“I was Player of the Year in high school, committed to the University of Tennessee, transferred sophomore year to University of Maryland, where I got my bachelor’s in science,” Wiley-Gatewood said.
The former McDonald’s All-American’s self-bio is exceptionally modest, as her resume matches — if not trumps — that of most professionals. From 2000 to 2004, Wiley-Gatewood nabbed California and CIF Division I Player of the Year honors, and plenty of press and additional notoriety along the way. Her play at Los Angeles-area Lynwood High earned her a full scholarship to the college of her choice.
Chronic knee pain and surgeries, which she’s referred to as “old people knees,” kept Wiley-Gatewood from reaching potential late in her collegiate career and past it. Rather than signing autographs at this stage of the career, she is living out another dream: coaching.
She’s taking the same positive and passionate attitude that helped her succeed in high school and college to Mission Bay’s program, a team that came with a warning label.
“I was very excited because I knew I had a lot of talent [here] and I could develop them to become better players,” Wiley-Gatewood said. “I also knew they needed some kind of discipline because that was what they were known for.”
The disciplinary issues were two-fold.
“To be honest, there was a lot of showing up late,” Wiley-Gatewood said. “There was a lot of arguing on the court and if people come see them now, they’ll see a big difference in them.”
Since mid-November, Wiley-Gatewood has rolled up her sleeves and gone to work.
“We started right away,” Wiley-Gatewood said. “We also played in a tournament. We beat San Diego High, and they are ranked really high in San Diego. We also beat OLP [Our Lady of Peace].
“Last year, Mission Bay had an 11-14 record, which was kind of terrible for a program. So to see us beat San Diego High and OLP, which wins our league, was big for us.”
Wiley-Gatewood attributes team bonding, chemistry and hard work to her team’s early success.

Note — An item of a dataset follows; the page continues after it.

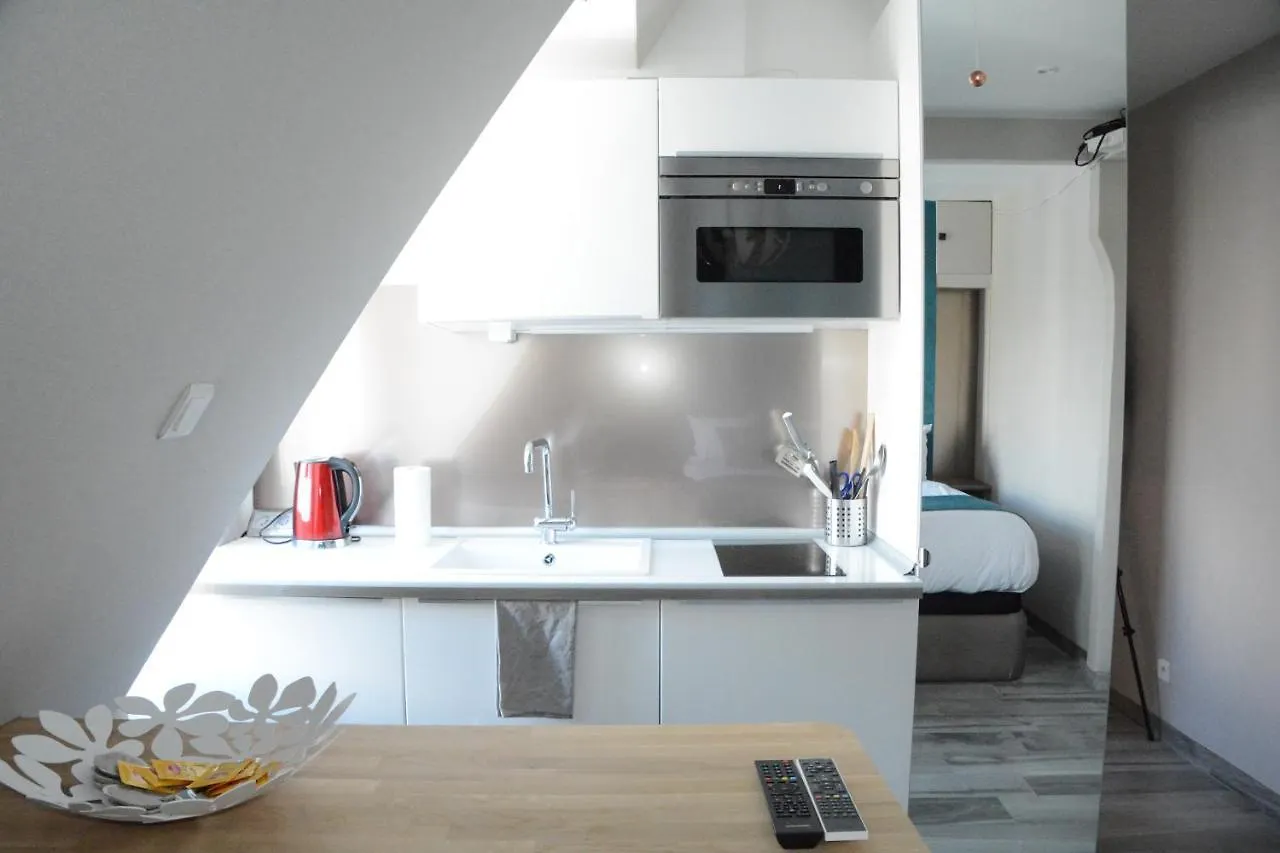 Eiffel Tower In Guest house Paris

“They are more of a family now, just not individuals,” Wiley-Gatewood said. “They’ve grown as players and as people.”
While the girls are focusing on one game at a time, their season goals are never forgotten. Winning league, for the first time, is a milestone they want to reach.
“I think that we have a great chance to win league this year and to win CIF if we stick together and play together, we’ll be unstoppable. I have great confidence in my team,” she said.
The coach doesn’t mind she has no seniors to her name.
“I think that’s a wonderful thing. I have two years to develop this team,” Wiley-Gatewood said. “I am glad I don’t have any seniors, so I can develop them for two years.”
With youth on their side, Wiley-Gatewood is looking for two specific players to step up to the leadership role.
“Birteesha Solomon [sophomore] is one and Keyhandra Cannon [junior] is another,” Wiley-Gatewood said. “These are my top players on this team. What I am looking for out of them is to lead their teammates and be a good example. They have the leadership, they do. But when they are down on themselves, the team gets down. I need to teach them to stay positive, always.”
The former high school basketball prodigy is also teaching the girls a new style of play.
“We are an uptempo team. We love to rebound and push the ball,” she said. “We are definitely not a setup team. Whoever gets the ball goes, which makes our team so special because everyone can play different positions. I am trying to prepare them for the next level.”
Wiley-Gatewood knows all about a high level of play, but she’s looking forward, not back.
“And, I am just grateful to be a part of their lives, because they are a great group of girls,” Wiley-Gatewood said. “I am just glad to be here.”